■ How to complete this task
Transcribe all of the data verbatim, please, and leave out its pictures.

■ Dataset content
● ● ●

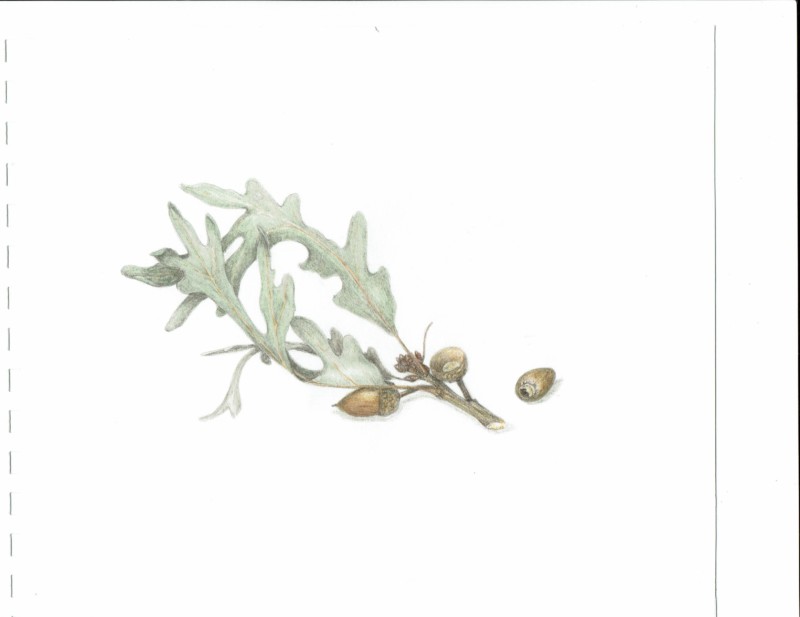 white-oak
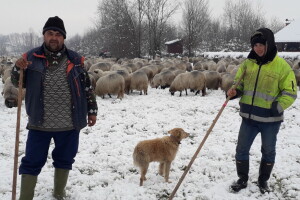 Goran Mačkić: Ovčar s Manjače mjesecima pod vedrim nebom sa 650 ovaca
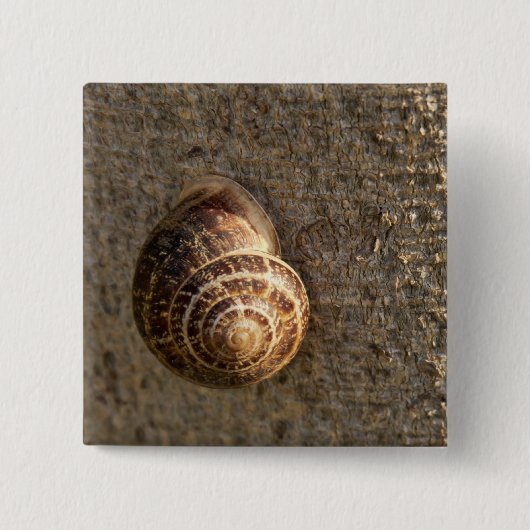 slak vierkante button 5,1 cm (Voorkant)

● ● ●

■ Worked solution
 white-oak
 Goran Mačkić: Ovčar s Manjače mjesecima pod vedrim nebom sa 650 ovaca
 slak vierkante button 5,1 cm (Voorkant)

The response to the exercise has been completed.